That the ruling coalition has met with four consecutive setbacks since its win in the last assembly elections cannot be denied: 2008 panchayat elections, 2009 Lok Sabha elections, the assembly bypolls and now the 2010 election to the civic bodies. That the people are tired of the 33-year-old regime is almost a given. What must be explored is what they are looking for in the shape of change: changing the visage of the government or that of governance as well?

For one, the prevailing mood in the boondocks is that the post-2000 Marxist dispensation has failed to deliver on the promises of socialism, and not that the formula of Marxism was never deliverable. The ageing comrades of the late Jyoti Basu, many of them still influential on the hustings, are missing him badly. With unwavering faith in the canon of socialism, they had never agreed (when Basu was the chief minister) that the state was in a sorry state. And they were the overwhelming majority of Bengal’s thought leadership.

Of course, socialism has prevailed in the region since an era much before the CPI or the CPI(M) was actualised. But experimentation was the hallmark of the Bengali socialist before Independence. Misgivings about change mark the Bengali socialist of today.

The contentment with a set order can be explained by studying a certain pattern that the Bengali society follows. Bengalis may be among the most travelled communities in India. Their travelling has but mostly been of the domestic tourism kind, and tourism hardly lets one understand the peoples and places visited. Few among the permanent residents of Bengal have had a history of living outside the state for long spells. Non-resident Bengalis, typically emigrants from Kolkata and not from the hinterland, on the other hand, may think like other Indians but, not being enrolled as voters in the state, their views are inconsequential.

Thus the resident Bengali basked in the all-is-well glory. Many even bore an unctuous attitude and refused to take lessons from the rest of India. Al Beruni wrote about a similar problem in temper that prevailed in mediaeval India, where the people had failed to build on the good work done by their forefathers in the ancient ages; they stopped travelling and learning from the world. Such druthers saw it hurtling down the graph of development until some invaders filled in the vacuum. The ubiquitous Bengali chatter clubs — which, unlike their contemporaries in Mumbai and Delhi, are not all bourgeois; they are not to be dismissed on this ground — betray a startlingly similar mindset.

Criticise Bengal’s economy, and the most likely refrain you hear from an average resident Bengali is that you earn less in his state, alright, but you manage to sustain; elsewhere, earning as much means starving to death!

Next, economics derives ex post facto justification from sociology.

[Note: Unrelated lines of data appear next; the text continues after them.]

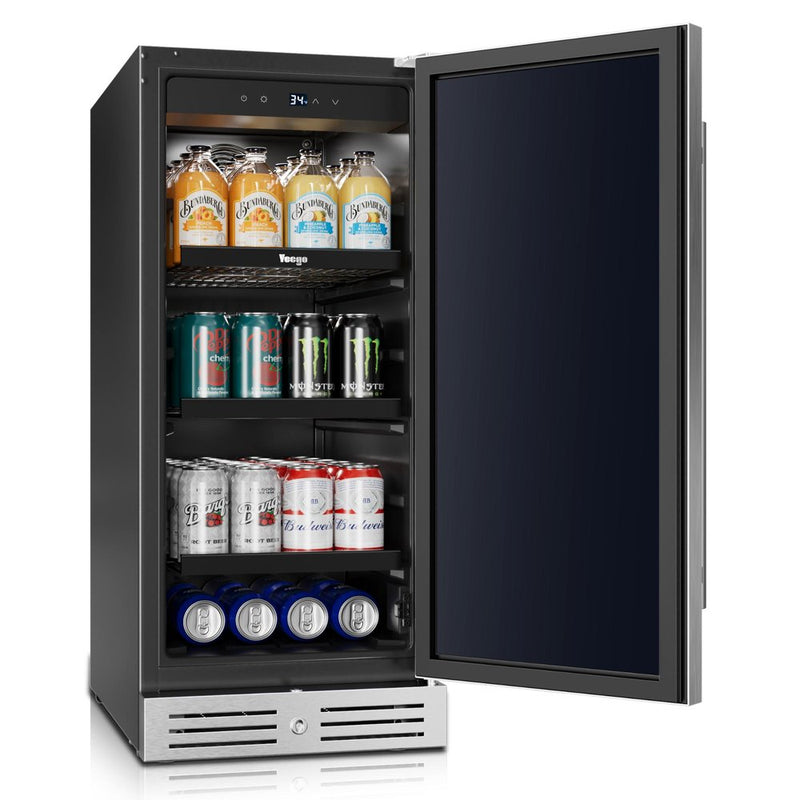 34" X 15" Silver Stainless Steel Single Compartment Can Beverage Refrigerator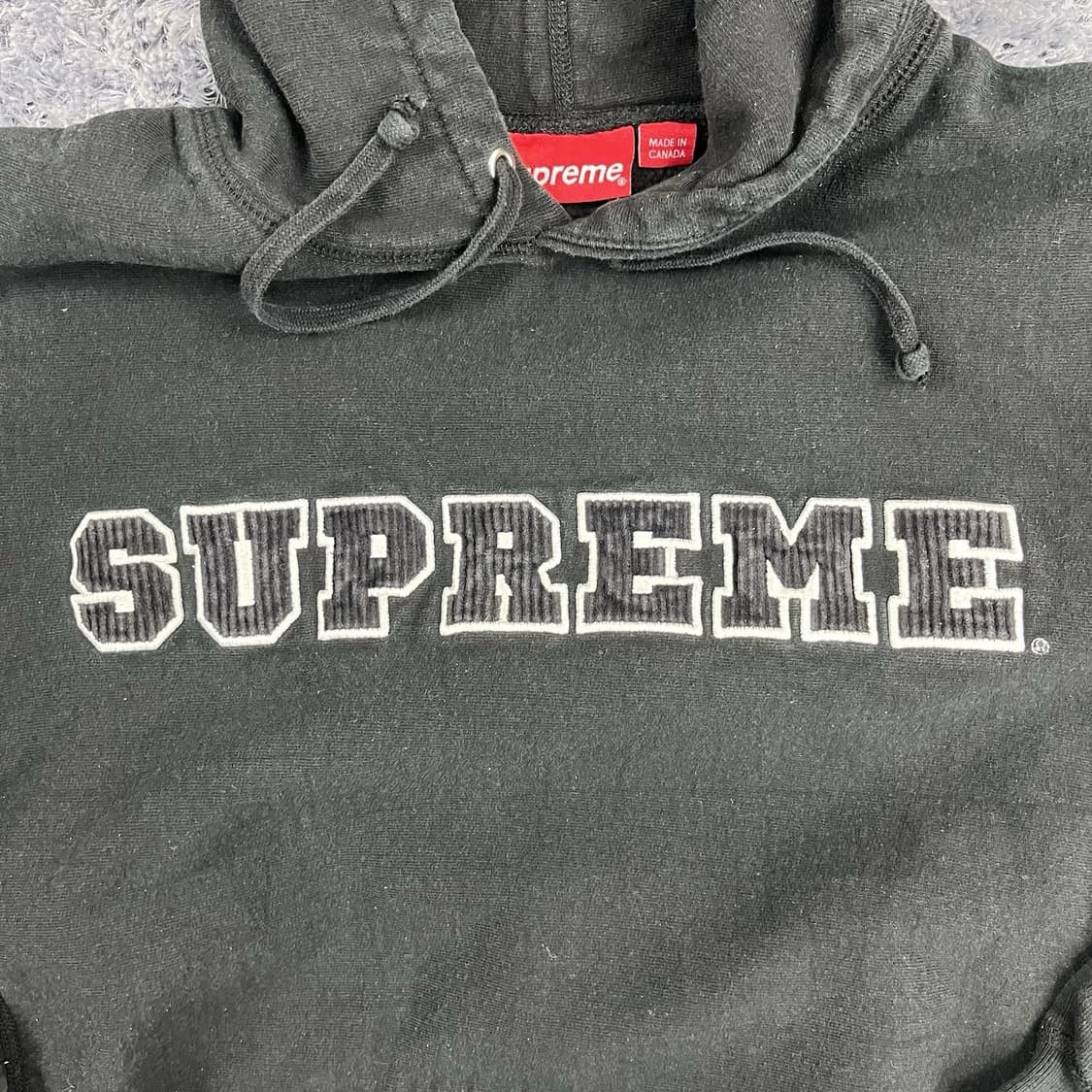 슈프림 코드 컬리지에이트 로고 후드 스웨트셔츠 블랙 상품이미지3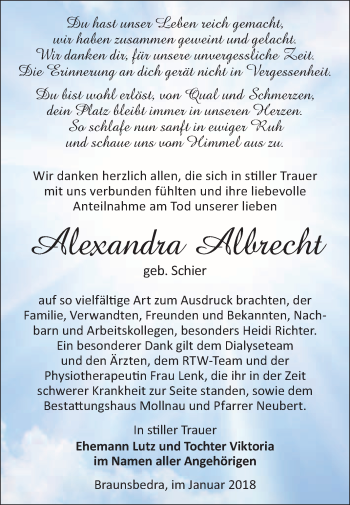Traueranzeige von Alexandra Albrecht von WVG - Wochenspiegel Merseburg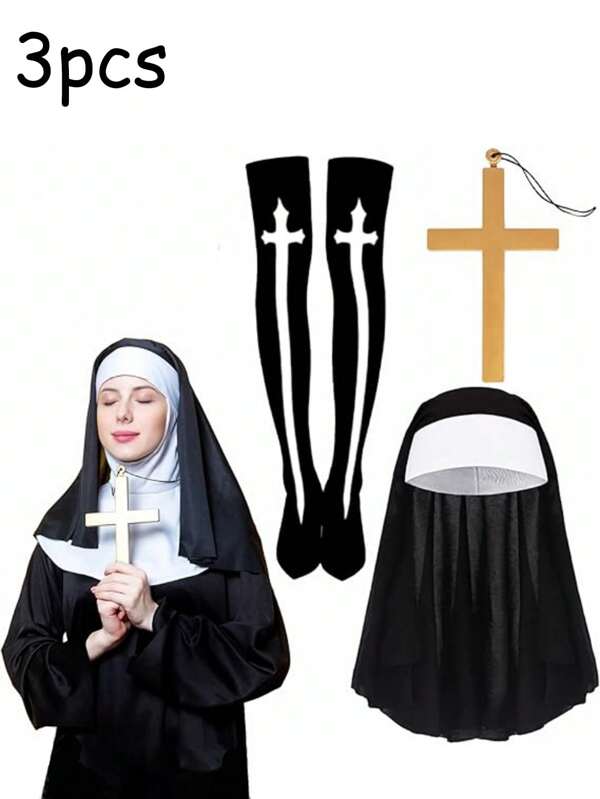 Set de 3 piezas de accesorios de disfraz sexy de monja, sombrero de monja negro + cruz + medias con cruz, ideal para fiestas de disfraces y decoración, adecuado para festivales importantes y regalos pequeños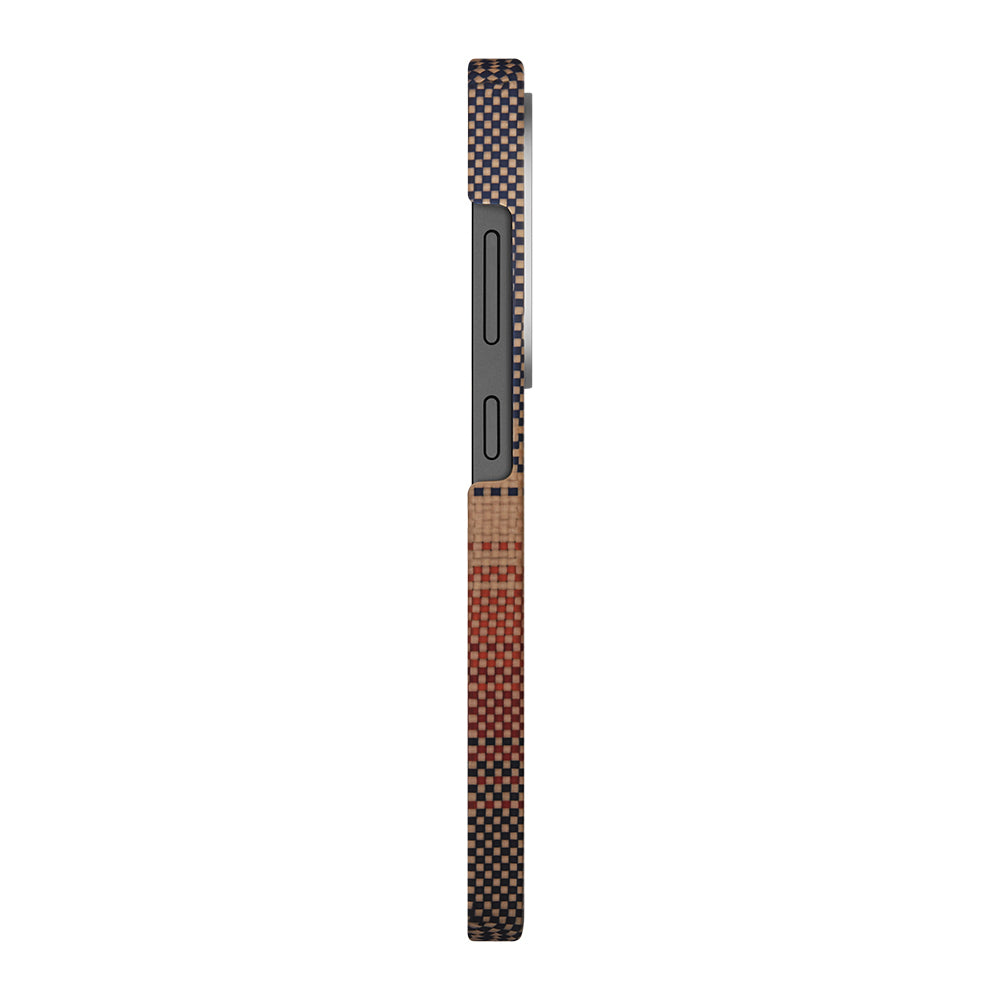 Galaxy S25 Ultra Kılıf M-safe Şarj Özellikli Aramid Fiber Pitaka Tactile Woven Sunset-Moonrise Serisi Kapak Mavi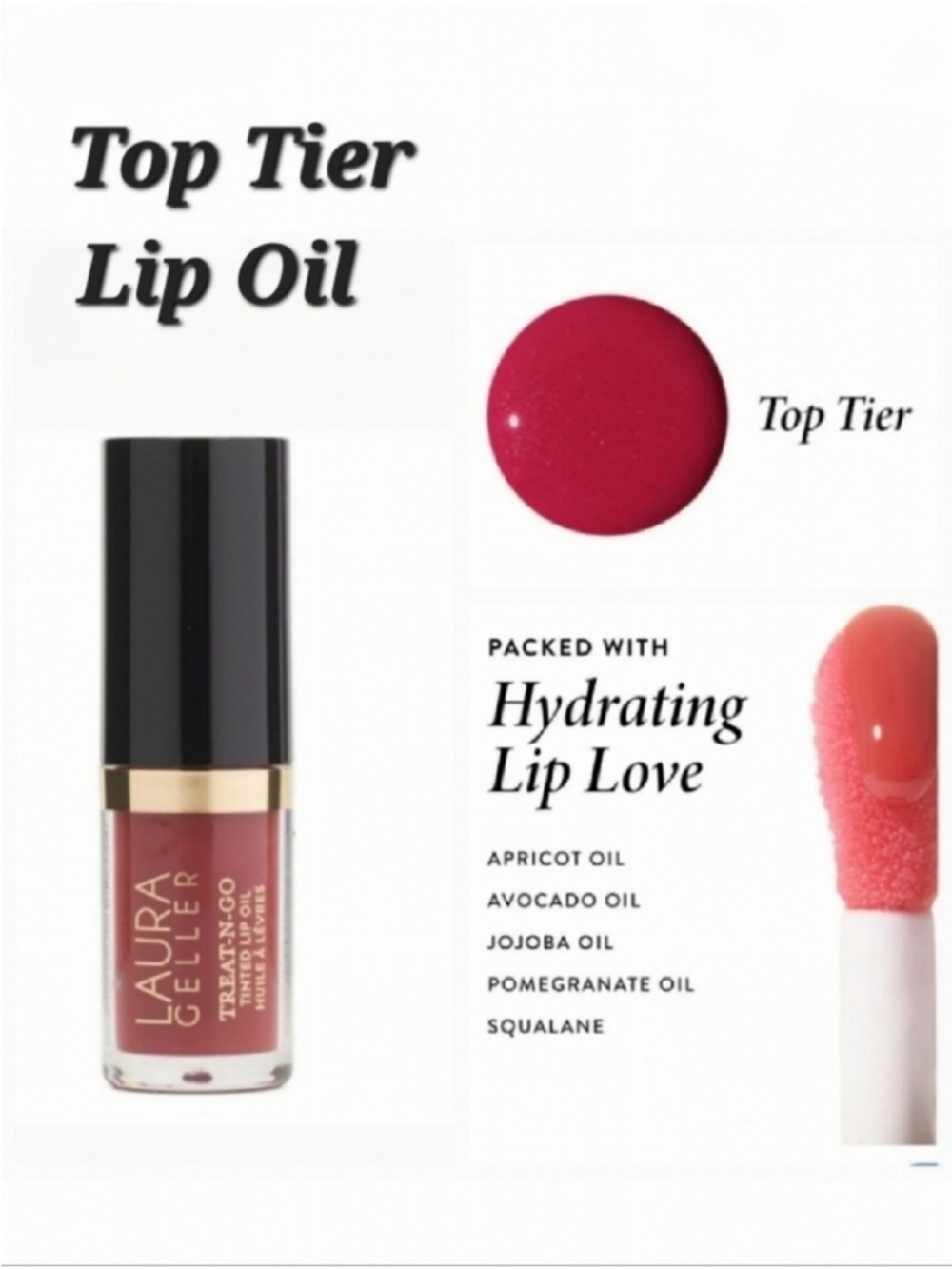 Laura Geller Treat-N-Go Tinted Lip Oil Lip Repair- Top Tier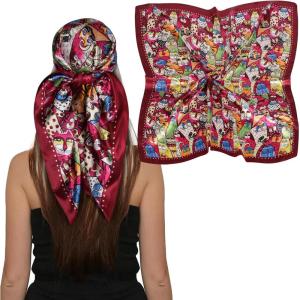 imageEXTREE Luxury Satin Head Scarf 35x35  Silklike Wrap for Women Versatile ShawlSun CoverWrapping Premium Gift for HerRainbow Cat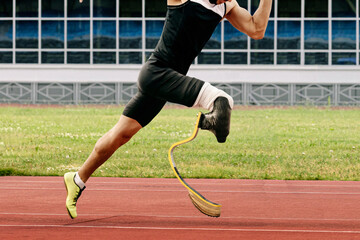 man athlete disability running sprint race at athletics competition, sports summer games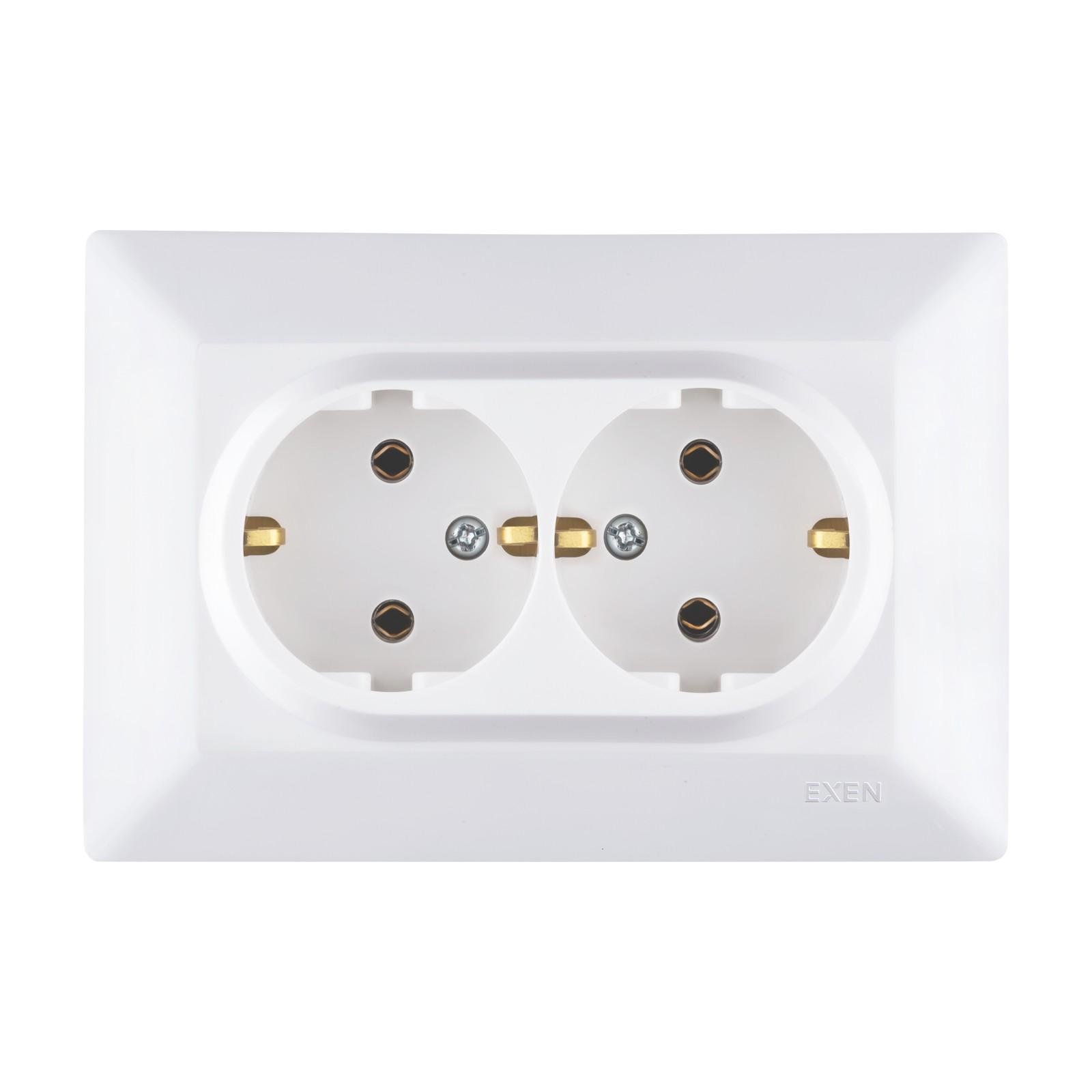 Розетка двойная врезная EXEN Odak с заземлением Белый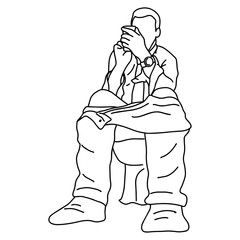 businessman using mobile phone in toilet vector illustration sketch doodle hand drawn with black lines isolated on white background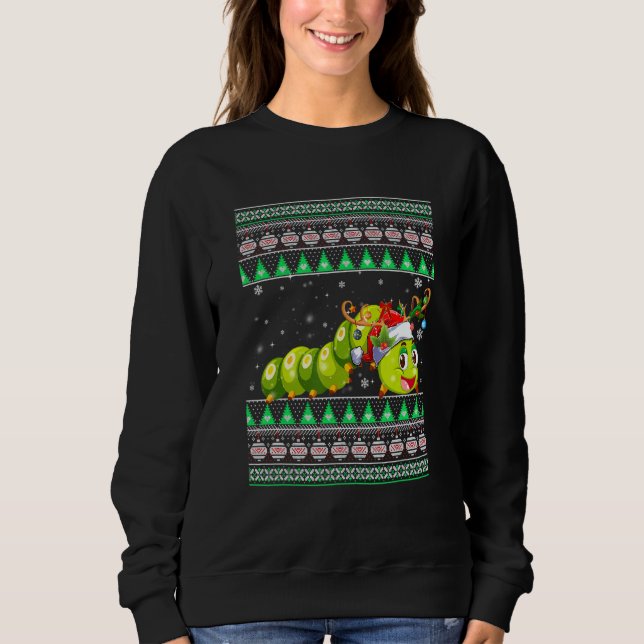 Camiseta Funny Santa Hat Correspondendo Ugly Caterillar Chr (Frente)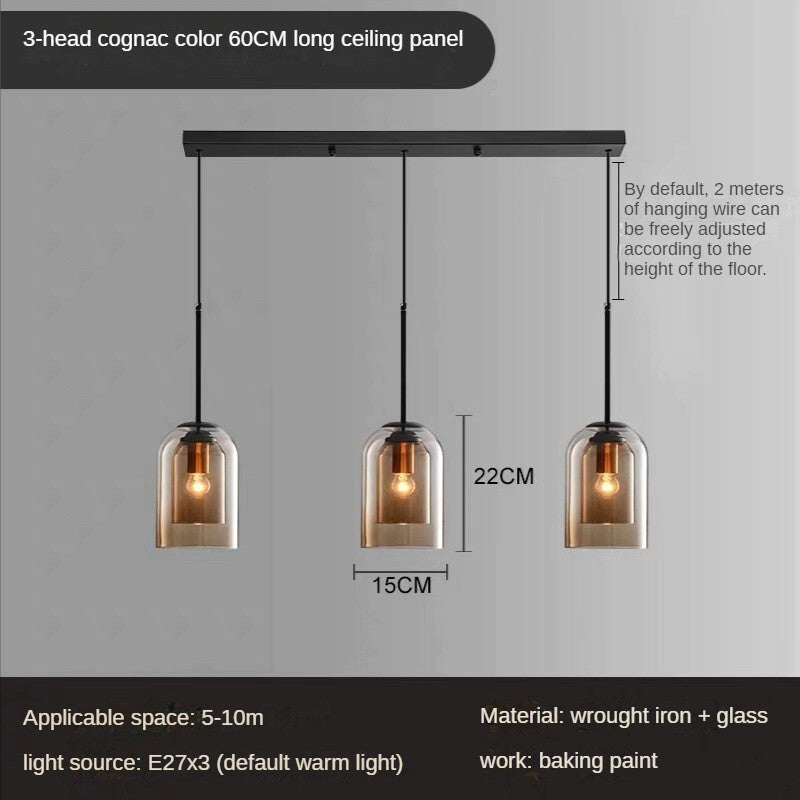 HEIKESZ Nordic Industrial Chandelier Creative Long Line Glass Pendant Light for Living Room Bedroom Restaurant Warm Lighting Ceiling Lamp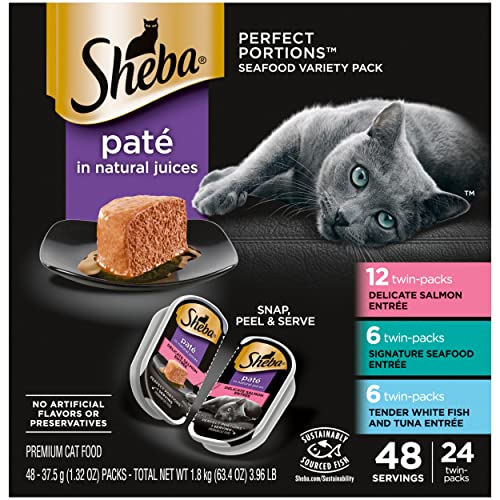 0023100118840 - SHEBA PERFECT PORTIONS PATÉ ADULT WET CAT FOOD TRAYS (24 COUNT, 48 SERVINGS), SIGNATURE SEAFOOD ENTRÉE, EASY PEEL TWIN-PACK TRAYS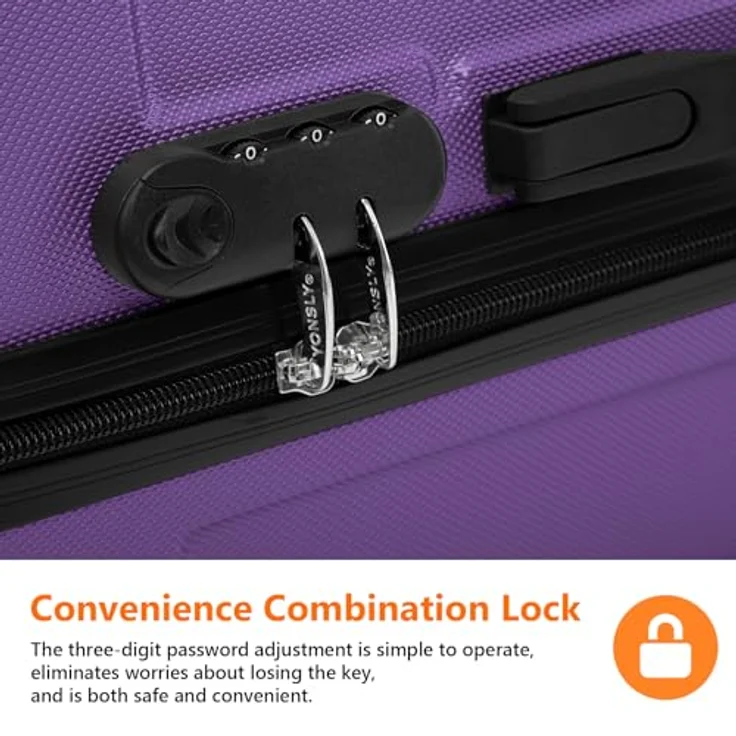 YONSLY Gepäckset Suitcase, Hartschalenreisekoffer mit 360° Lenkrollen, Zahlenschloss, Mehrstufiger Teleskopgriff, Lila (S-M-L-XL-Set) – Bild 4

In the minds of a small-town Bengali, so deep-seated is the prejudice against the general lifestyle of the mero/maura — a pejorative, colloquial Bengali term that refers to the Hindi-speaking population — that, even when he migrates for employment, he seeks vindication for the canard about other Indians. Some days later, after having cursed everybody from the landlord to the bus conductor, he returns to his hearth, sullen that the rest of India does not produce good Samaritans!

Either the uninterrupted socialist pecking order has killed the dreams of the riches, or, to play devil’s advocate, one might postulate that the communist rulers did not deliver more because the proletariat, by nature, wasn’t demanding enough! The long and short of it: capitalism, for right or wrong reasons, does not catch Bengali fancy.

The idea did, however, penetrate a small but significant section of voters. As information from the pro-market parts of India poured in, the youth of Bengal increasingly got disillusioned with the Marxist regime. This was the transition period of the 1990s. Before the mood could spread to the rural areas, the Left Front sensed it and replaced the ageing Basu with a much younger Buddhadeb Bhattacharjee at the helm.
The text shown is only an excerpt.